Focusing on habitat loss driven by climate change, Audubon researchers concluded that “389 bird species, or 64%, would be at least moderately threatened with extinction by 2100.” And “the news for Canada is much worse,” CP states: the Arctic tern and the snowy owl, along with “everything from tiny songbirds to big raptors”, will vanish from Canada’s waters, forests, and skies if warming continues at its present rate.
While birds “fleeing southern habitats that had become too warm” may find a temperate north suited to their survival—as crows and magpies already seem to be doing, CP notes—“northern birds would have nowhere left to go,” Wells said.
Audubon’s latest findings come on the heels of a widely-reported study in the journal Science which concluded that North America’s bird population has declined almost 30% since 1970. But Audubon says further catastrophic losses aren’t inevitable. If governments “enact measures to keep warming at 1.5°C, the number of species threatened with extinction would drop to just under half,” CP writes, “and the number of species in the highly threatened category would fall by three-quarters.”
Likewise critical in shifting the odds towards avian survival will be the restoration of habitat and conservation of large expanses of wilderness, especially breeding territories.
In an August post for Audubon, Wells pointed to a landmark agreement in which the Lutsel K’e Dene First Nation, on the shores of Great Slave Lake in the Northwest Territories, “gave the world a massive gift: the permanent, final establishment of a new Indigenous Protected Area that encompasses a landscape of astonishing size.” At more than six million acres (2.4 million hectares), the area is more than twice the size of Yellowstone National Park, with forests and wetlands that are essential to a dizzying list of water birds, shorebirds, and waterfowl. It’s also “at the heart of barren-ground caribou country,” he wrote.

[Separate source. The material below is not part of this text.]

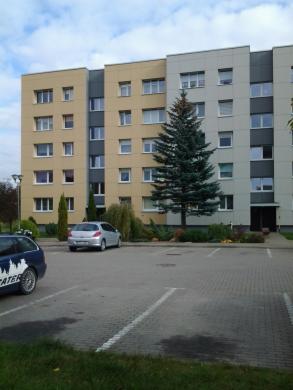 Parduodu 4k. butą Akmenės m.-2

The Thaidene Nene is also “one of the only protected areas in Canada that contain portions on both sides of the tree line, where northern trees and greenery of the boreal forest slowly fade into vast expanses of vibrant yellow and red Arctic tundra,” he added. That makes the area a “critical buffer for northern plants and animals struggling to cope with climate change, acting as a transitional bridge for species in pursuit of better habitat should their current one become unsuitable.”